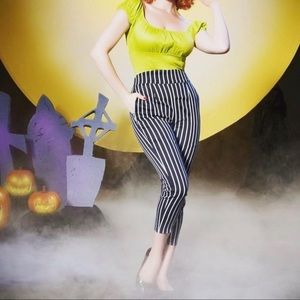 Pinup Couture Black Victorian Stripe Cigarette Pants Size Medium. Gently worn.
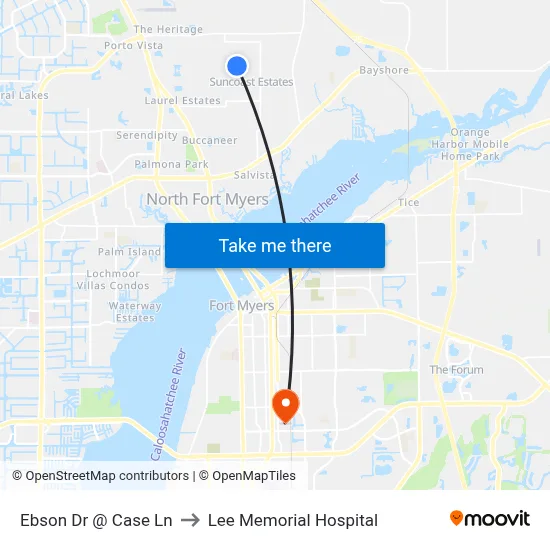Ebson Dr @ Case Ln to Lee Memorial Hospital map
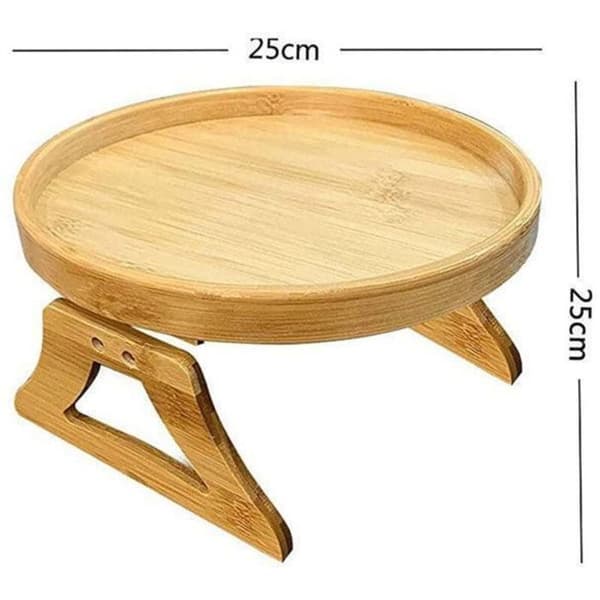 Sammenleggbart sofa-brett i tre, festes til armlenet, med kopp- og snacksholdere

• [Exercise requirements]: Each line from the one holding "Ebson Dr @ Case" through the end of the listing is to be output exactly, both ends included, with no other lines and the pictures left out.

• [Reply]:
Ebson Dr @ Case Ln to Lee Memorial Hospital map
 Sammenleggbart sofa-brett i tre, festes til armlenet, med kopp- og snacksholdere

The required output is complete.